Small But Mighty: “Pond Pals” Community Science Project Already Yielding Big Results

by Adam Hinterthuer

WOman leaning over table putting water from pond in test container; her child is watching from her side.
Amanda Pickart and her children monitor Lakeview Pond and record measurements like chlorophyll. Photo credit: Codie Heidemann

On a rainy June day in 2022, members of Grace Wilkinson’s lab at the CFL set up a couple of folding tables with microscopes and a display of assorted limnological information near a small pond in Elver Park on Madison’s west side.

It was their very first “Pond Exploration Day” and they were there for two reasons. First, to introduce passersby to their local body of water and, second, to recruit members of the public to help with an ambitious new study on urban ecosystems.
While no one volunteered on that first soggy day, the Wilkinson Lab’s “Community Water Monitoring Network” was up and running by the end of the summer, with more than a dozen community members signed on to help CFL researchers better understand some of the more than 300 stormwater ponds and other small water bodies throughout Madison.

Now, with two summers in the books, the program is running strong, consisting of seven teams of volunteers that visit their assigned pond each month. Each team is equipped with the scientific tools they need to record data on things like temperature, water clarity and conductivity (a measure of salinity), as well as physically collect water samples that are then sent back to the lab for processing.

Amanda Pickart is one of these volunteers and, along with her children, collects data on a pond in Middleton’s Lakeview Park each month. Pickart says that the past year has been a “rewarding experience” and has grown her family’s connection to the small slice of urban nature they study as well as to the university and the community.

“It’s been really fun to return to the same nature spot over an extended period of time and get to know the space on a deeper level,” she says. “I love that my kids are able to see research being conducted by the university in a tangible way and inspire their own scientific discoveries.”

Group of volunteers kneeling by side of pond looking at items in plastic bins.
Volunteers explore aquatic insects with Helen Schlimm at the forebay to Stricker’s Pond.
Photo credit: Cami Schroeder

As of this fall, Amanda and the project’s fourteen other “Pond Pals” have recorded more than 3,000 observations and measurements and collected nearly 200 water samples at six ponds scattered around the Madison metropolitan area.

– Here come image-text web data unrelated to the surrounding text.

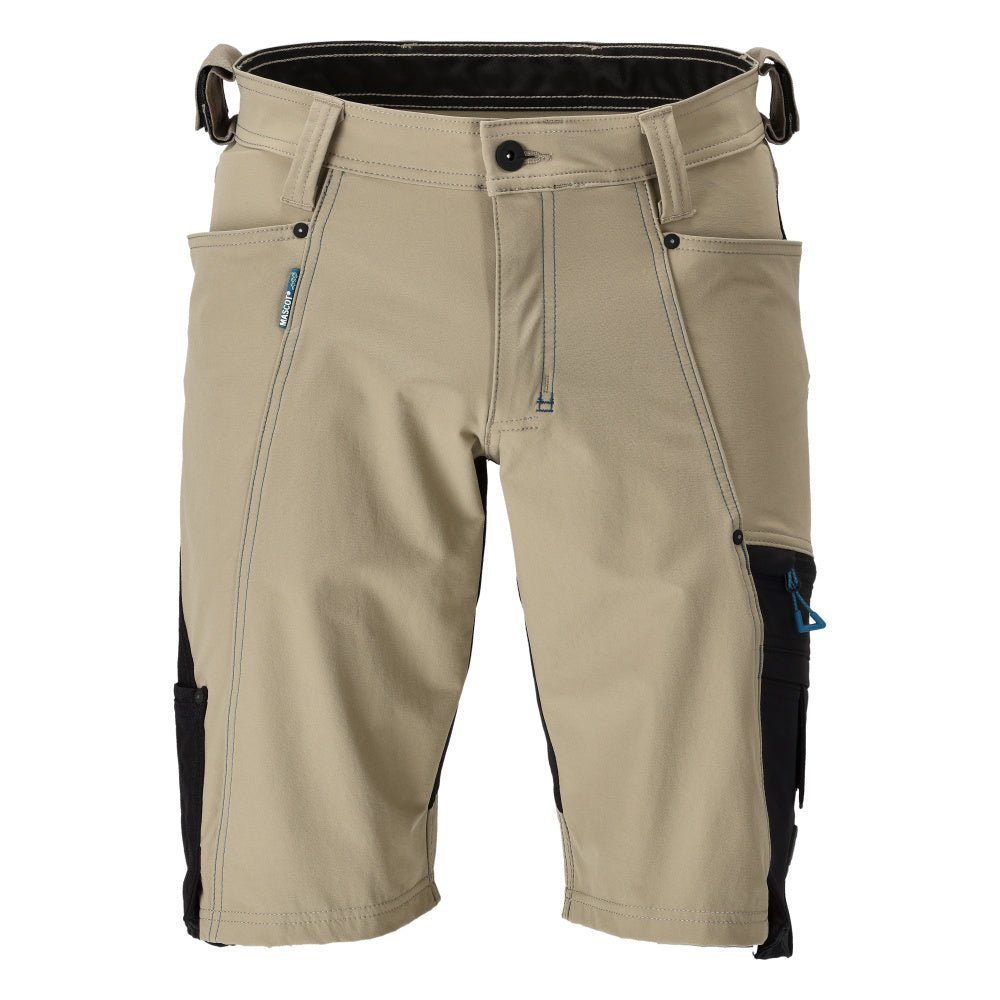 Shorts, ULTIMATE STRETCH shorts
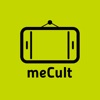 meCult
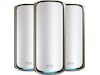 Netgear Orbi 970 mesh 3-pack Routere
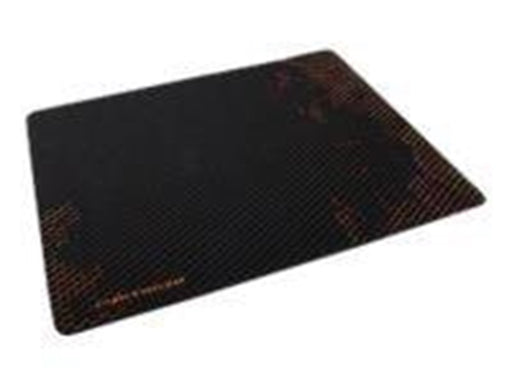 Esperanza GAMING FLAME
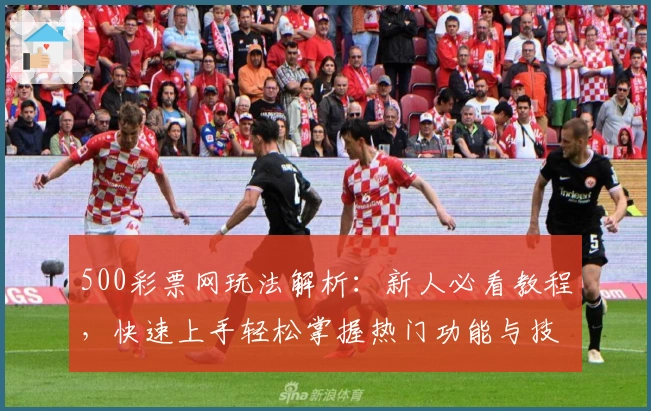 500彩票网玩法解析：新人必看教程，快速上手轻松掌握热门功能与技巧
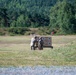 2nd Cavalry Regiment Master Gunner Trains MEDDAC Bavaria Soldiers on Marksmanship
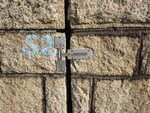 2025-01-19-033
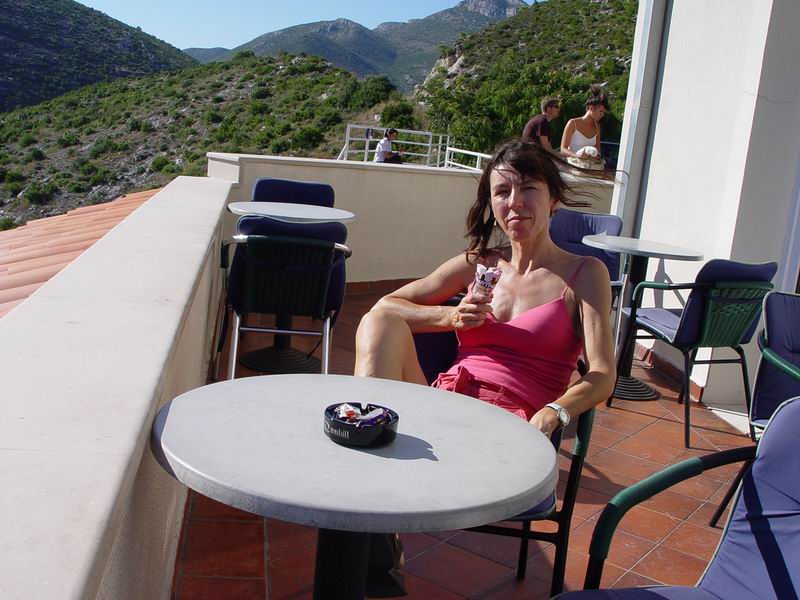 photo245_croatie_presqu_ile_de_peljesac.jpg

At some of the sites, says Wilkinson lab manager Helen Schlimm, these community members are “the only people we have collecting data,” which means that these volunteers are responsible for much of what we know about these ponds. “They’re contributing to science,” Schlimm says. “Their data is absolutely being used.”

This community-generated data is crucial to getting at the bigger picture of these tiny bodies of water, says Wilkinson, an associate professor at the CFL and the lead researcher on the project.

“The collective eyes and ears of our community monitoring partners combined with their local knowledge of the ponds has been critical for addressing our current research questions and generating new ones,” she says. “The sensors that we deploy in the ponds provide one way of ‘viewing’ the ecosystem and how it changes through time, but the combination of human observation and local knowledge, physical sample collection, and sensors provide the best context for understanding how these ponds are changing.”

Schlimm agrees, saying that the program is “thriving” and, noting that the lab has retained all of its original volunteers. “I think of it as our ‘small but mighty’ team,” Schlimm says. “We’re reaching fifteen people who really do science and make observations, [and] share the experience with each other and their kids.”

Schlimm says the project adds to the growing movement to engage more members of the public in this kind of citizen, or community, science. And, hopefully, it shows people that science is accessible and approachable and not just something for a professional in a white coat in a lab. “The common definition of a scientist needs to be debunked,” Schlimm says. “If you’re going out and observing anything and keeping track of how it changes and taking pictures, that can be science.”